Malaysia's new opposition coalition agreed to abide by a code of conduct at its first leadership meeting yesterday in a bid to bind the three parties closer together and avoid the loose "agree to disagree" framework that led to the break-up of a previous pact.
Formed three months ago, Pakatan Harapan (PH) - or Hope Alliance in Malay - replaced the Pakatan Rakyat coalition that lasted just seven years and caused the estrangement of key Islamic party, Parti Islam se-Malaysia (PAS).
The three members of PH are Parti Keadilan Rakyat (PKR), the Democratic Action Party (DAP) and Parti Amanah Negara - a PAS splinter group.
Leaders of the three parties yesterday inked the Pakatan Harapan Agreement, which outlines key internal workings on dispute settlement and ideology, though they have yet to unveil joint policies to drive their quest to unseat the long-ruling Barisan Nasional (BN) coalition.
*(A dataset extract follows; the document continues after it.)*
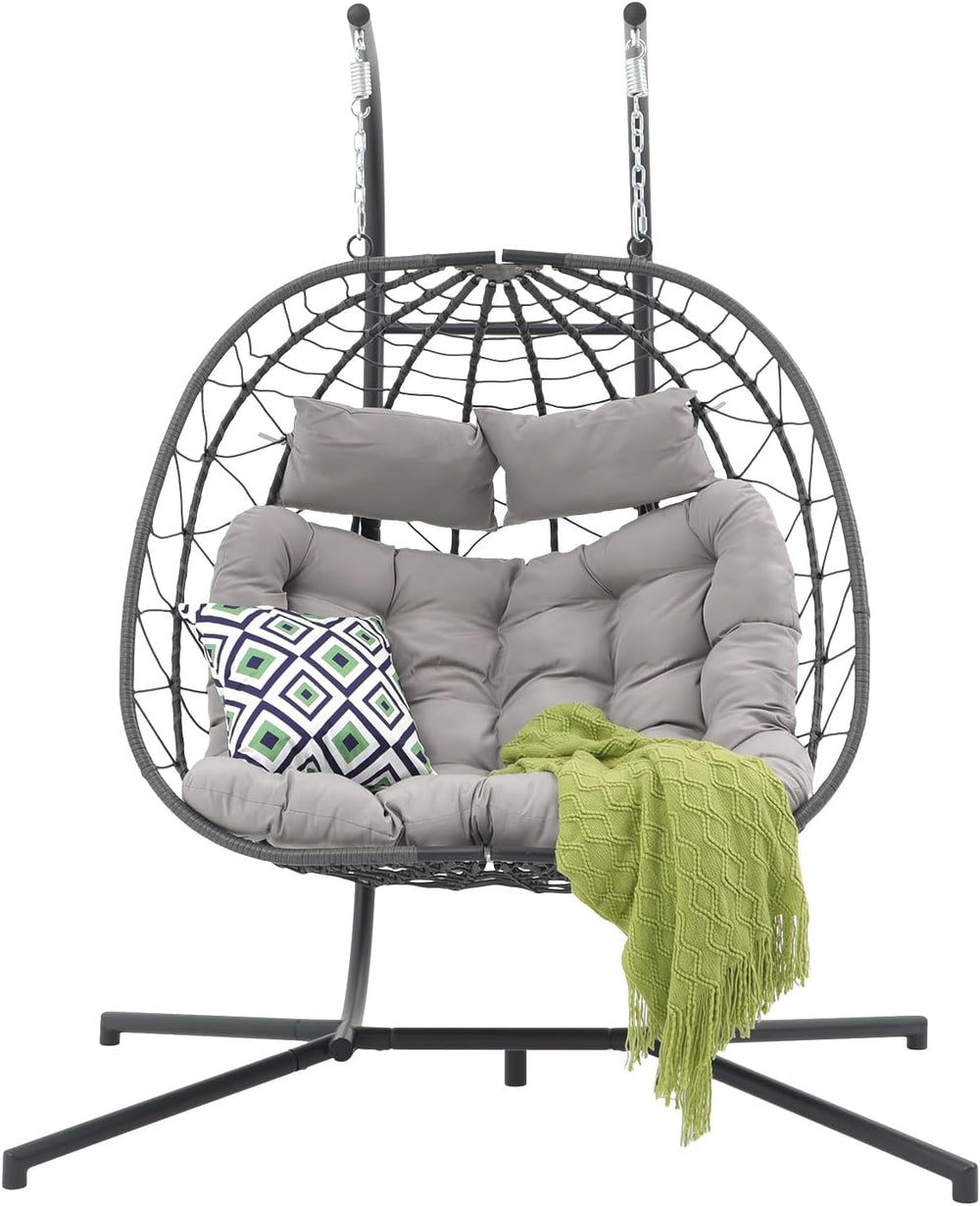 Patiorama 2 Person Double Egg Swing Chair with Stand, Wicker, Light Grey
"When BN succeeded in burying Pakatan Rakyat, they felt they were safe," said Mr Lim Guan Eng, secretary-general of the most powerful opposition party, DAP. "But Pakatan Harapan is proving that it is the end of BN that is coming."
In a four-hour long congress, PH leaders focused on the 15-page document that centres on avoiding the damaging internal feuds that shattered the previous alliance last year, despite the coalition coming progressively closer to winning federal power in the last two national elections. But the agreement skirted controversial subjects such as seat allocation for the next general election, due in 2018, and hudud, a set of Islamic criminal laws that caused intense friction between PAS and the secular DAP.
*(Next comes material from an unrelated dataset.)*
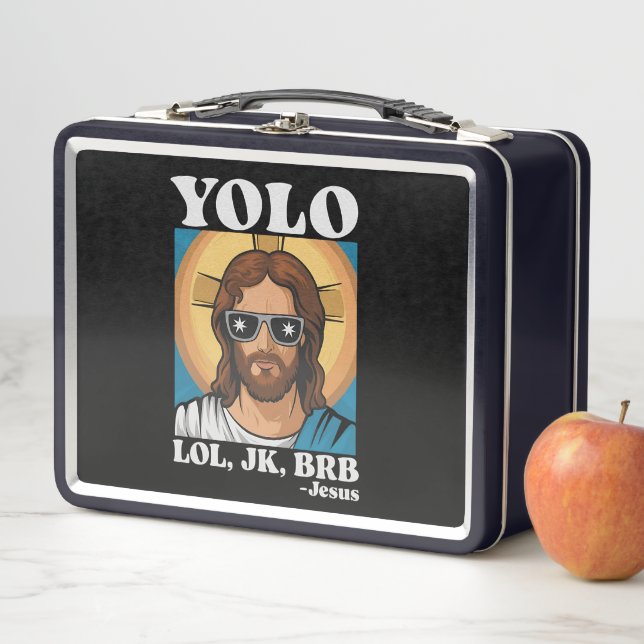 YOLO LOL JK BRB Jesus Funny Easter Metal Lunch Box (In Situ)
The process of seat allocation will become more complicated for the opposition as PAS, the biggest Malay opposition party, is not part of PH.
Constant attacks from both BN's lead party Umno and PAS on Malay rights and Islamic issues have damaged the already weak support DAP holds with the crucial Malay majority.
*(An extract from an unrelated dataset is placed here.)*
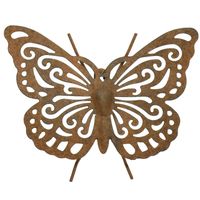 Tuin/schutting decoratie vlinder - metaal - roestbruin - 22 x 18 cm - Tuinbeelden - thumbnail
DAP adviser Lim Kit Siang had described survey results released last week by research house Darul Ehsan Institute as a "wake-up call". It showed rising anti-DAP sentiment among Malays.
The institute's November survey found that 72 per cent of Malays in Selangor - which the DAP won in the 2013 polls with PKR and PAS - saw DAP as a pro-Chinese party. And nearly two-thirds of Malays in Selangor felt the party was anti-Malay and anti-Islam.
Amanah president Mohamad Sabu said yesterday that PH "must not fall into their trap" of racial politics.
Still, while lauding PH's insistence on avoiding racial and religious rhetoric espoused by Umno-led BN, analysts believe the opposition must face the reality that Malaysia is still divided by ethnic politics.
"It is necessary to move out from ethnic politics eventually," head of policy think-tank Ideas Wan Saiful Wan Jan told The Sunday Times, "but it is a tall order to do so before the next general election, as you can be very, very sure that Umno will try its best to make sure ethnic discourse remains."
PKR secretary-general Rafizi Ramli acknowledged the "Malay insecurity", saying this was due to their relatively weaker economic status compared to Chinese Malaysians.
He said that by March, PH would begin unveiling common policies that would focus not just on general wages, employment and cost of living, but also the "Malay economic position".